L'usine, dont les fumerolles soufrées envahissent parfois le bourg de Bouillante dans laquelle elle est installée, exploite l'eau chaude de la faille (issue de 60% d'eau de mer et 40% d'eau pluviale) présente de part et d'autre de l'archipel.
La captation se fait par des puits, remonte l'eau chaude, sépare la vapeur de l'eau. "La vapeur fait tourner une turbine reliée à un alternateur qui fabrique de l'électricité, réinjectée sur le réseau EDF", détaille François Joubert.
L'eau restante est réinjectée dans la nappe ou rejetée dans la mer, qui "crée des bains d'eau chaude très appréciés des touristes", sourit le directeur.
Depuis début avril, un nouveau puits est achevé et entrera en production d'ici à 2025. Il vient remplacer une installation plus ancienne et doit "doubler sa capacité" jusqu'à 10,5 Mégawatts supplémentaires, selon le directeur de l'usine.
En sus, le projet d'une troisième unité de production doit permettre de monter la capacité de production de l'usine et la présence de la géothermie dans le mix énergétique local pour atteindre 20%, selon Ormat.
Mais à l'heure actuelle le "projet n'a pas abouti en raison de difficultés d'exploitation", de "problèmes fonciers" notamment, indique-t-on à l'Ademe. "Il est difficile d'indiquer une puissance réellement envisageable pour ce site", selon la même source.

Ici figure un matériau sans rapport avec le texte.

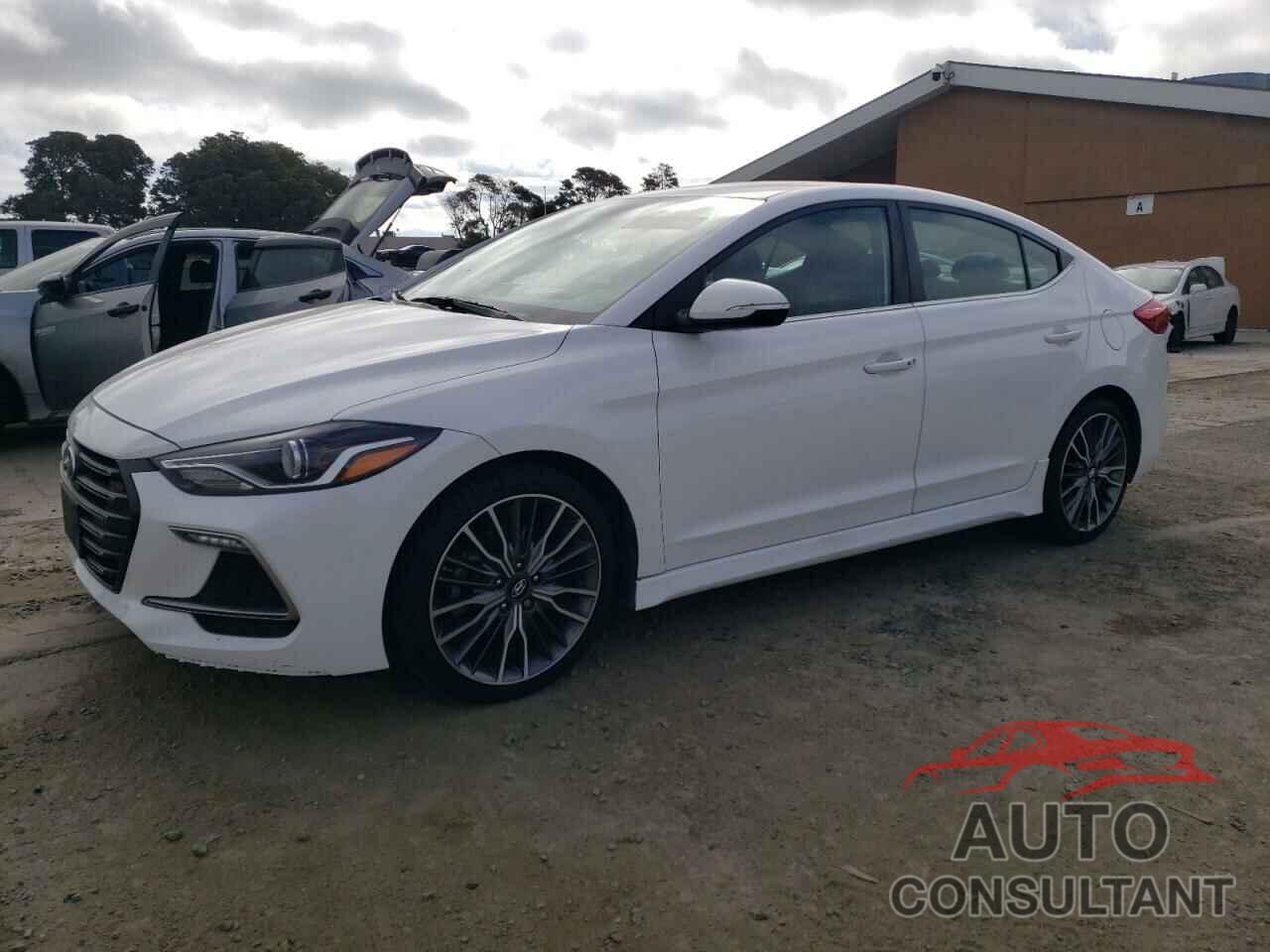 HYUNDAI ELANTRA 2017 - KMHD04LB1HU357435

Dans un scénario dit "réaliste" par ses instigateurs, la programmation pluriannuelle de l'énergie de la Guadeloupe envisage plutôt une part de géothermie à 14% (75 MW) dans le mix électrique, le reste étant réparti entre la biomasse via une centrale thermique récemment convertie du charbon aux pellets de bois (43%), l'éolien (24%), le photovoltaïque (17%) et l'hydraulique (2%) dès 2028.
A l'heure actuelle, l'électricité locale est produite à plus de 75% par les moteurs de centrales thermiques diesel et fioul.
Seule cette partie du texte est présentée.